THE REFUGE OF THE OPPRESSED.

England, like Venice of Old, the refuge of the persecutedEmigration of the Lombards, and the French HugonotsPopularity of Foreign Exiles in England-Mina-Riego's Widow-Arguelles-Franco of Valencia; his Love of Country-Count Santorre di Santa Rosa.

"Whether this portion of the world were rent
By the rude ocean from the continent,
Or thus created-it was sure design'd'
To be the sacred refuge of mankind."

Waller.

IN London, as well as in almost all the country towns, there is a society which has for its object to provide a lodging for the

houseless. Where is the wonder, then, if England is herself the asylum of all the unfortunate? Venice, in her days of glory, was the sanctuary of all the oppressed, whether by kings, by princes, by republics, by popes, or by antipopes. England, which, in the importance of its commerce, and its dominion over the sea, is the Venice of our times, displays the same universal hospitality.

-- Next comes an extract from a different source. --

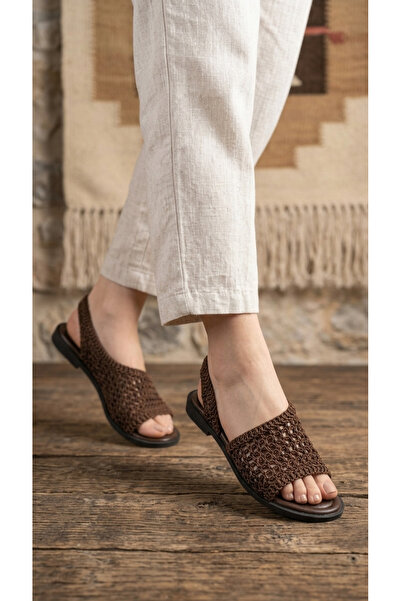 Moda Devrin Brown Women's Summer Comfortable Daily Knitted Sandals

Either from justice or from policy, or from a sentiment of generosity and a feeling of her power, she collects under her vast ægis all the conquered and the wrecked whoever they may be. There is scarcely a single nation in Europe which is not her debtor for protection afforded, at one time or another, to a number of its people. When commerce decayed in Italy, and the usurping princes persecuted the wealthy merchants, many of these sought refuge in

England; and a street still remains called "Lombard-street," because they took up their residence on that spot. After the revocation of the edict of Nantes (more fatal to France than the battle of Blenheim), thousands of French Hugonots took refuge in England, and carried thither, among many kinds of manufacture not known before, that of silk stuffs. He who does not disdain to study the history of human vicissitude in the dwellings of filth and poverty, should go to Spitalfields, where he will still find many French names among the weavers, and a street still called after the fleur-de-lys (flowers but too thorny for these poor emigrants). In the more recent political storms of France, England afforded shelter to almost all the French nobility and princes; and a few years after to the constitutionalists, the

republicans, and the adherents of Napoleon, in their turn exposed to persecution. And let it be observed, that an asylum like this, which is granted not by favour or caprice, but by a perpetual law of free states, to all the oppressed, is another beneficent gift of liberty, which, as the common mother of mankind, wipes, with an impartial hand, the tears from the eyes of all her children, and thus assuages the ferocity of man, which would becoine still more cruel by desperation. Among the Italian republics of the middle ages hospitality was so common a virtue as to draw from Machiavel the maxim, "Where banishments deprive the cities of men of wealth and industry, one state grows great by becoming the asylum of the banished."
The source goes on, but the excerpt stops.